Michael Jackson’s doctor ordered an aide to help remove medical equipment including a “milky-white substance” from near the star’s bed, even as he lay apparently lifeless, a court heard yesterday. Alberto Alvarez, Michael Jackson’s logistics director,...

Michael Jackson’s doctor ordered an aide to help remove medical equipment including a “milky-white substance” from near the star’s bed, even as he lay apparently lifeless, a court heard yesterday.

Alberto Alvarez, Michael Jackson’s logistics director, said Conrad Murray got him to help remove vials and a saline bag from an intravenous (IV) drip stand next to the star’s bed at his plush Holmby Hills home on June 25, 2009.

He also recounted how the King of Pop’s distraught daughter Paris screamed “Daddy” as she entered the bedroom and saw her father’s body.

Dr Murray is accused of manslaughter over Jackson’s death, allegedly by giving him an overdose of the powerful sedative propofol, which the singer referred to as “milk” to help him sleep.

“While I was standing at the foot of the bed he reached over and grabbed a handful of vials, and then he reached out to me and said ‘Here put these in a bag’,” Mr Alvarez told the Los Angeles Superior Court.

With paramedics not yet on the scene, the doctor then asked him to remove the saline bag and put it in another bag, Mr Alvarez said. As he removed the bag he noticed there was a bottle inside the bag.

“There was what appeared to me like a milky white substance.
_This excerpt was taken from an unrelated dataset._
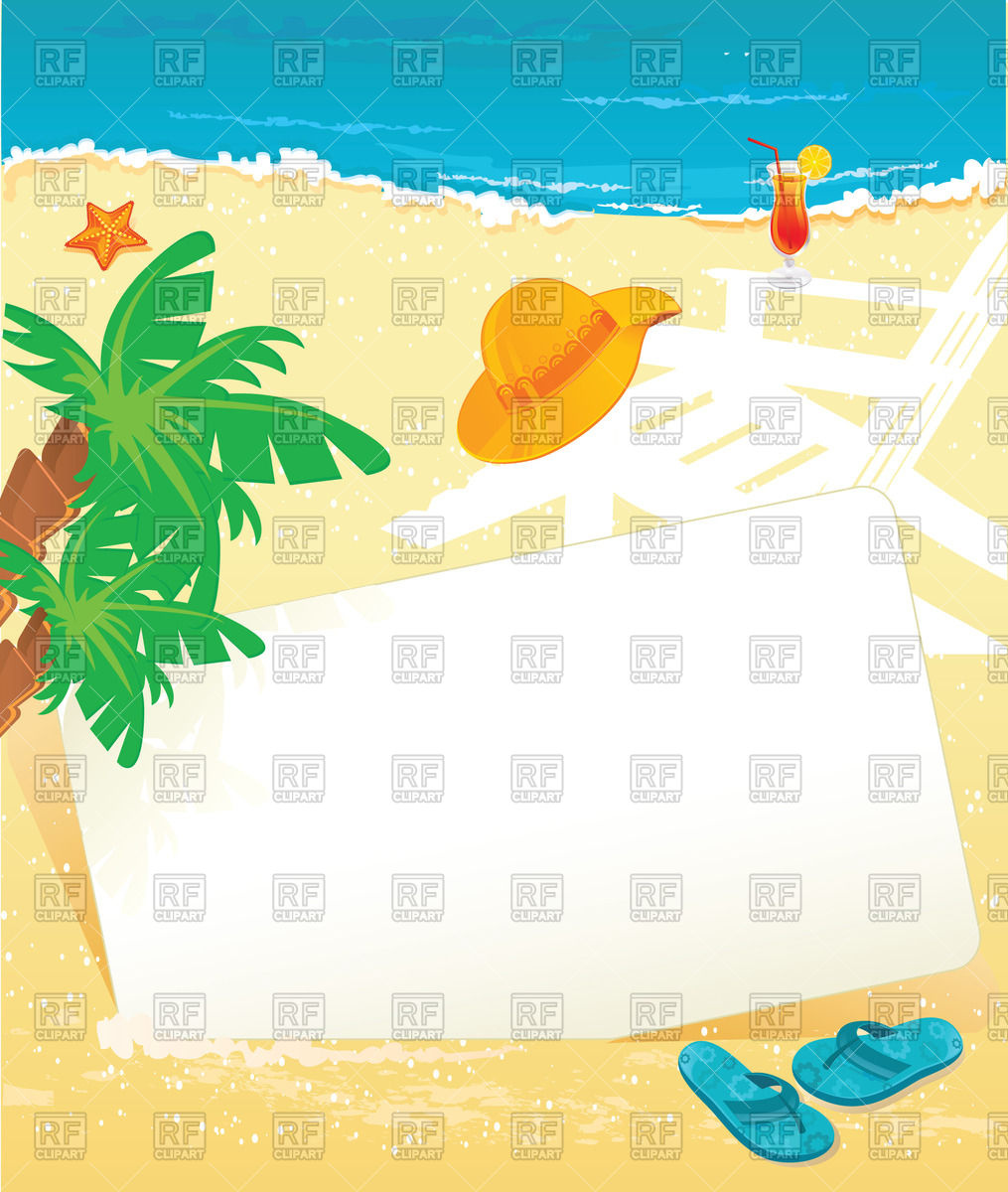 Summer Banner On The Beach Vector Image Of Travel Sonneon 1015x1200 Summer Banner On The Beach Vector Image Of Travel Sonneon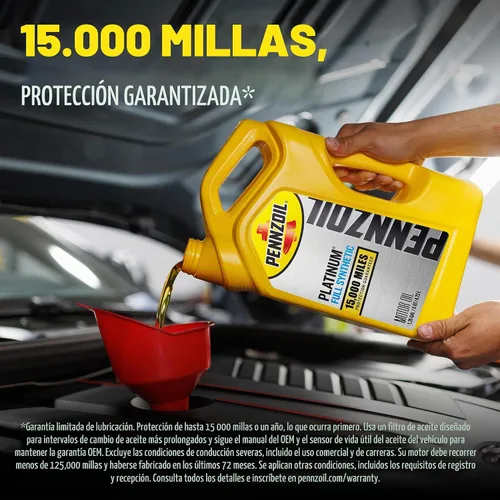 Vista 3 de Aceite de motor completamente sintético Platinum Full Synthetic 5W-30 de Pennzoil (1 unidad, 5 cuartos de galón)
I recalled seeing it at the bottom of the bag,” he said, before prosecutor David Walgren offered evidence that the bottle was a 100 mg bottle of propofol.
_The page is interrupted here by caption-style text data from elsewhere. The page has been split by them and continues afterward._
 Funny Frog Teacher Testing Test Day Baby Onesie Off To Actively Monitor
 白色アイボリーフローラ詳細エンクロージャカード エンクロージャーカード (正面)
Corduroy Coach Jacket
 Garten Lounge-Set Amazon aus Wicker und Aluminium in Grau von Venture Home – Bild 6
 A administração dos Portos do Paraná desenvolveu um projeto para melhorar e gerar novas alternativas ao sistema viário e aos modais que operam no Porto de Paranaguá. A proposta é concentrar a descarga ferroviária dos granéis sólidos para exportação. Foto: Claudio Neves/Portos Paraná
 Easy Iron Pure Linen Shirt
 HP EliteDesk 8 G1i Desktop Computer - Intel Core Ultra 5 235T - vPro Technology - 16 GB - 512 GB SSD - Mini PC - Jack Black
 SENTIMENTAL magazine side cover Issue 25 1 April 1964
He specified that Dr Murray asked for his help in removing the vials before asking him to call 911.

The five-week trial opened on Tuesday, when prosecutors laid out their case that Dr Murray was guilty of “gross negligence”, while the doctor’s lawyers said the drug-addicted star effectively caused his own death.
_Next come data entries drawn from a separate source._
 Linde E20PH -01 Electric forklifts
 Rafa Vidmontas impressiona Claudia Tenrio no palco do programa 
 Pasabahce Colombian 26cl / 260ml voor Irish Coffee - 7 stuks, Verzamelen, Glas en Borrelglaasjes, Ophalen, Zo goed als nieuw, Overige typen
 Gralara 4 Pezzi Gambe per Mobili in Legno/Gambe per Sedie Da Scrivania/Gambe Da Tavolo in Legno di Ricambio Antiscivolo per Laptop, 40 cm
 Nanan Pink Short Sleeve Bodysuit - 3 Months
On the first day jurors saw chilling images of Michael Jackson’s dead body on a gurney and heard a haunting audio recording of the heavily-drugged singer talking on the phone only weeks before his death.

But it also heard evidence that Michael Jackson, while giving cause for health concerns a week or two before he died, was in reasonable form in his last days, rehearsing for an ill-fated series of comeback shows in London.

On Wednesday two key Jackson aides recounted Dr Murray’s “frantic” efforts to save the singer’s life while his children wept – and how the doctor suggested a cover-up minutes after he died.

Personal assistant Michael Williams recalled the last rehearsal on the night of June 24. “He was in good spirits,” he said, adding of Michael Jackson’s last time on stage: “I thought it was amazing.”

But things went wrong overnight, when Dr Murray allegedly gave the singer a series of drugs to help him sleep – the doctor’s lawyers claim the star secretly took more – before going to the bathroom, and coming back to find Michael Jackson lifeless.

After the singer was pronounced dead at the UCLA hospital, Mr Williams recounted what he called an “odd” conversation with Dr Murray. “I was in a hallway. We were making small talk about how horrible this is.”

Then, “he said that there’s some cream in Michael’s room . that he wouldn’t want the world to know about. And he requested that I or someone give him a ride back to the house to get it.” He refused the request.

Yesterday, Mr Alvarez described the scene when he entered Jackson’s bedroom.

“I remember seeing him and he was laying on his back, with his hands extended out. I observed that his eyes were slightly open ... and his mouth was open,” he said.

“Paris screamed out ‘Daddy!’” he said, referring to the singer’s daughter, who was there with son Prince Michael. He then “ushered them out and said ‘Kids, don’t worry, we’ll take care of it, everything’s gonna be okay’.”